Artist Selected for Methow Kids’ Free Fishing Day
Sat, June 14, 2014, 10am-2pm
June 14 is Methow Kids’ Free Fishing Day and Methow Valley fifth graders have been carving block prints to commemorate this year’s theme: Fish on the Go/Migrating from Source to Sea and Back Again.
Fishing Day activities at the Winthrop Fish Hatchery include: fishing for big trout, fish cleaning station, rolling river, and concessions, hands-on casting with targets, Smokey Bear, salmon cooking, fly tying, gyotaku, fish art, ethics and boating safety.
Free event!
Partnership blends art and environmental education for interdisciplinary learning
The winning block print design by Phoenix Doran will be featured on t-shirts commemorating the 2014 Methow Kids’ Free Fishing Day. Phoenix is a fifth grade student at Methow Valley Elementary School. Additional designs were chosen to be featured on posters which will be hung throughout the valley. The additional artwork features the designs of the following fifth grade students: Keeley Brooks, Aidan Catlin, Tyler Darwood, Julia Dietz, Destiny Ferreira, Tommy Knox, Stephanie Strong, and Eva Weymuller.

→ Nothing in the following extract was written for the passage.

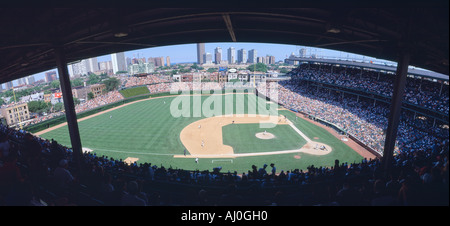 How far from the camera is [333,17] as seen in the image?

The blockprints were created through an interdisciplinary unit on Methow fish and fish habitat offered to fifth graders in conjunction with National Fishing and Boating Week and with sponsorship from the Methow Valley Ranger District. The theme: FISH ON THE GO/MIGRATING FROM SOURCE TO SEA AND BACK AGAIN, captures beautiful, complex, and amazing feat of fish migration back into the Methow River all the way from the ocean. In this interdisciplinary unit students first learned about fish and fish habitat in a workshop in their classrooms with local biologists from the US Forest Service. They then sketched images and learned how to carve blocks and print them with local teaching artists, Laura Gunnip and Emily Post. The block prints feature fish and habitat and reflect the student’s knowledge. There are many outstanding examples of block prints from the last 14 years. Many are featured in a free calendar, Living With the Methow River, produced by the Methow Resource Council and through a collaboration with Methow Arts Alliance.
This hands-on art residency was brought to students by Methow Arts’ Okanogan Region Arts Education Partnership. The partnership serves more than 5,200 students and 370 teachers across Okanogan County with arts programs in classrooms in the Omak, Okanogan, Brewster, Bridgeport, Pateros, and Methow School Districts, and in the Paschal Sherman Indian School.
The Fishing Day project is a collaboration among Big R, Cascade Columbia Fisheries Enhancement Group, Dick Hill Tackle Shop, Friends of Northwest Hatcheries, Methow Arts Alliance, Methow Conservancy, Methow Recycles, Methow Restoration Council, Methow Salmon Recovery Foundation, Methow Valley Fly Fishers, Methow Valley School District, National Endowment for the Arts, Okanogan Conservation District, Okanogan- Wenatchee National Forest, Trout Unlimited, Upper Columbia Salmon Recovery Board, US Army Corps of Engineers, US Bureau of Reclamation, US Fish & Wildlife Service, US Geological Survey, Washington Department of Fish and Wildlife, Washington State Arts Commission, Washington State Parks, Wild Fish Conservancy, and Yakama Nation.